DIRECTIONS =>
Your copy of the data should match it exactly, leaving out only the pictures.

INPUT DATA =>
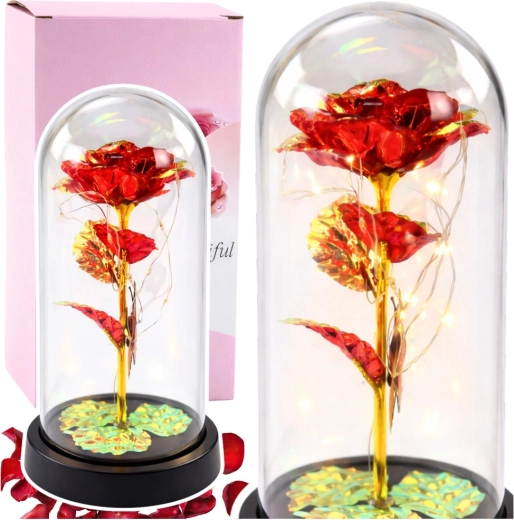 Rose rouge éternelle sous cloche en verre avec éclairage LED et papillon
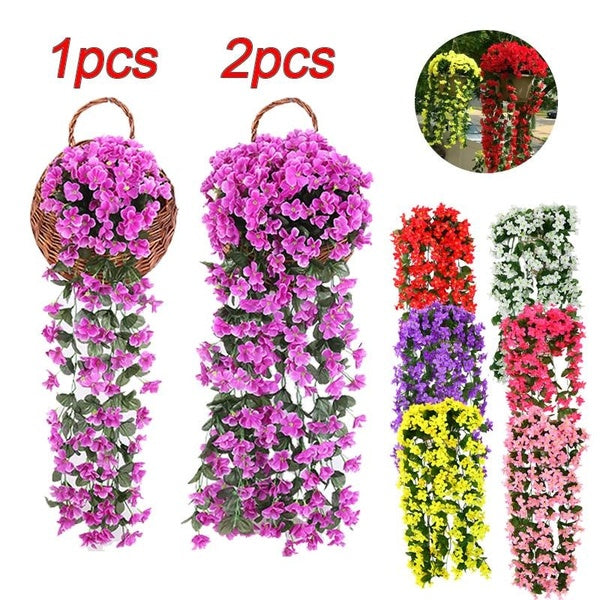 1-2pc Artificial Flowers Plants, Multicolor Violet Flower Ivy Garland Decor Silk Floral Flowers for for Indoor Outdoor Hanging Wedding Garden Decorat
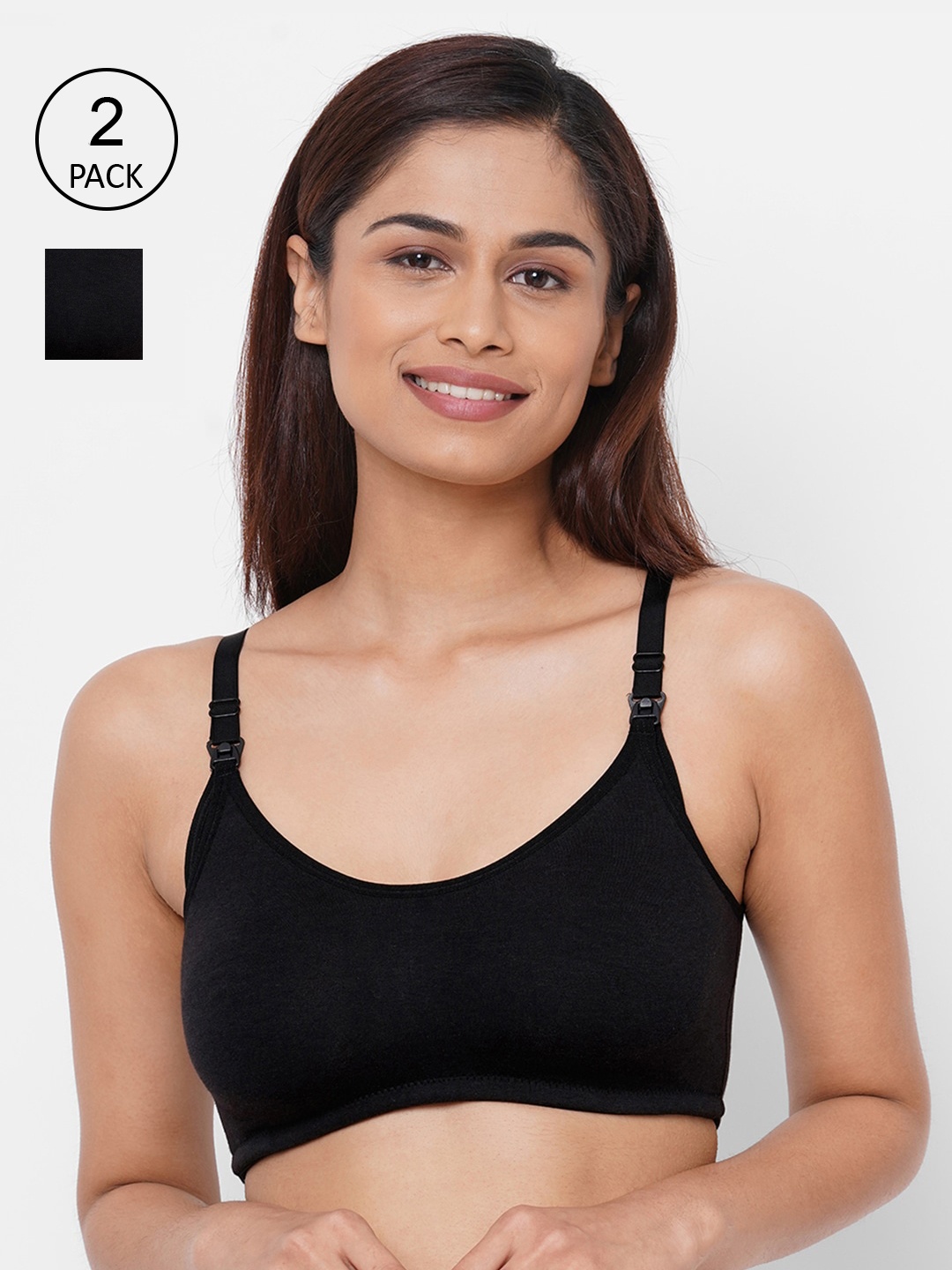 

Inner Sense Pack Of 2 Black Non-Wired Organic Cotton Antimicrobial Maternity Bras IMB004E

EXERCISE ANSWER =>
 Rose rouge éternelle sous cloche en verre avec éclairage LED et papillon
 1-2pc Artificial Flowers Plants, Multicolor Violet Flower Ivy Garland Decor Silk Floral Flowers for for Indoor Outdoor Hanging Wedding Garden Decorat

Inner Sense Pack Of 2 Black Non-Wired Organic Cotton Antimicrobial Maternity Bras IMB004E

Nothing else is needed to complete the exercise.